Henry Threadgill & Zooid, Bimhuis Amsterdam, 16 november 2011

Hij staat daar als een zoutpilaar. Op andere momenten lijkt hij in gebed verzonken, met zijn hoofd devoot gebogen en zijn handen gevouwen. Henry Threadgill oogt hoe dan ook stoïcijns, zonder enige expressie en zonder al te veel leven. De componist, bandleider, altsaxofonist en fluitist kijkt verdwaasd rond en kan moeilijk overweg met het mondstuk van zijn saxofoon, de kleppen van zijn instrument en de microfoonstandaard. In het korte overleg met bassist Stomu Takeishi heeft de basspeler ogenschijnlijk het initiatief. 

Ja, Threadgill lijkt vanavond de weg kwijt. Zijn rol als bandleider is niet overtuigend en zijn spaarzame solo's getuigen niet van veel doeltreffendheid, eerder van een wat verwarde man. Het lijkt erop dat het belang van de Amerikaan tegenwoordig vooral ligt in zijn baanbrekende composities en niet zozeer in zijn werk als uitvoerend musicus. Hij schrijft complexe en strak gestructureerde stukken voor onorthodoxe bezettingen met de noodzaak in zich van vernieuwende improvisatie. In zijn band Zooid zitten een tubaspeler en cellist naast elkaar, toch niet gebruikelijk in een jazzformatie.

De muziek lijkt heel gefragmenteerd, alsof iedere muzikant zijn eigen partij speelt in onafhankelijke anarchie. Maar in werkelijkheid grijpen alle instrumenten feilloos in elkaar in opperste discipline, deels afgedwongen door de strenge noten van de bladmuziek. In solo's komt Zooid daar wel los van, maar in het samenspel wordt het ensemble er erg door gedicteerd. Threadgill zoekt het raakvlak tussen de moderne gecomponeerde muziek en de vrijere jazz en dat levert bij vlagen spannende resultaten op, maar kan ook de luisteraar op de proef stellen, zoals in de meer verstilde stukken, waar weinig beweging in zit.
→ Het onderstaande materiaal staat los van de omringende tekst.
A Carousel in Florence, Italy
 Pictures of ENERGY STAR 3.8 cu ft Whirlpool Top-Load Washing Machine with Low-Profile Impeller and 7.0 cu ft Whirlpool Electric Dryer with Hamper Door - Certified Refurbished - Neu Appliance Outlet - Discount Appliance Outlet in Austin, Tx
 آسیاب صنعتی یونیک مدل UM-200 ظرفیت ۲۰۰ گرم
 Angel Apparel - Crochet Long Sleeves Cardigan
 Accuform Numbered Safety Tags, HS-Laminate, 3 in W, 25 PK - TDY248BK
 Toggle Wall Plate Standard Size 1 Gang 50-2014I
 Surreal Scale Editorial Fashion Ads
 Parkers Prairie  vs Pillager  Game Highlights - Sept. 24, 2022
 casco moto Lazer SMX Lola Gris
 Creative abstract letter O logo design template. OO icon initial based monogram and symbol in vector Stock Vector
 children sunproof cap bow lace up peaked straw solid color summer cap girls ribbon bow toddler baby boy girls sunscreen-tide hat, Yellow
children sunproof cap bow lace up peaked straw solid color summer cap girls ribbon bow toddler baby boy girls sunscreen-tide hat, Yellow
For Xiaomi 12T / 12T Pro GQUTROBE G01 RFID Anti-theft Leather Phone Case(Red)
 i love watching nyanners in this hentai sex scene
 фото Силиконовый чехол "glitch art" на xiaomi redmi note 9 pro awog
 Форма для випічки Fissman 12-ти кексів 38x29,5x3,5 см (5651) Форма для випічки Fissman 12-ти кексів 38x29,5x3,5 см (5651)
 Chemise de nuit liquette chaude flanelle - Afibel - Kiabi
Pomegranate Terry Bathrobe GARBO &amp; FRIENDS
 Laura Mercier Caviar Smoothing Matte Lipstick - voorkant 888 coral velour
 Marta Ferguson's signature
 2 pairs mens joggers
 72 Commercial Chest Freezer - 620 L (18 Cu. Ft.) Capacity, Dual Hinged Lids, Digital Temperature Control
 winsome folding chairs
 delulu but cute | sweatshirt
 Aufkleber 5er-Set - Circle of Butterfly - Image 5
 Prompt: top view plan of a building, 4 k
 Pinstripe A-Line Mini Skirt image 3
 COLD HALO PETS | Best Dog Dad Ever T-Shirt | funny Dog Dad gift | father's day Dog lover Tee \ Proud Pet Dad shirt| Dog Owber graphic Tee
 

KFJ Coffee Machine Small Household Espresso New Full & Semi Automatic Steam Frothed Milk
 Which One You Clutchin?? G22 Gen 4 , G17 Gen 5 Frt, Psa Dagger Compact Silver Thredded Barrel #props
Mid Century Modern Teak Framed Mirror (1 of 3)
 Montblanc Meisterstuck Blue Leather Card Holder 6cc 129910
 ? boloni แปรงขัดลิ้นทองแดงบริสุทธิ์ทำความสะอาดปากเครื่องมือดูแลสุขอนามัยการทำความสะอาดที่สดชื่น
Vanavond in het Bimhuis zijn er voldoende memorabele momenten, bijvoorbeeld als midden in een onstuimige drumsolo van Elliot Kavee een lieflijk klokkenspel klinkt, of aan het begin van de tweede set als cellist Christopher Hoffman een etude-achtig stuk speelt met veel dynamiek en variaties. Af en toe is er vuurwerk, vooral in de uptemponummers met aanstekelijke syncopen, en als Liberty Ellman een van zijn fabuleuze gitaarsolo's speelt. Tubaspeler José Davila neemt af en toe de rol van bassist Takeishi over.

In het laatste nummer komt Threadgill eindelijk in beweging. Bij het eindapplaus valt hij zowaar nog op een glimlach te betrappen. In plaats van de obligate toegift houdt hij zelfs een dankwoord, waarbij hij ineens zeer ontspannen oogt. Het laatste dat de toeschouwers zien van de man zijn de handkussen die hij hun frivool toewerpt.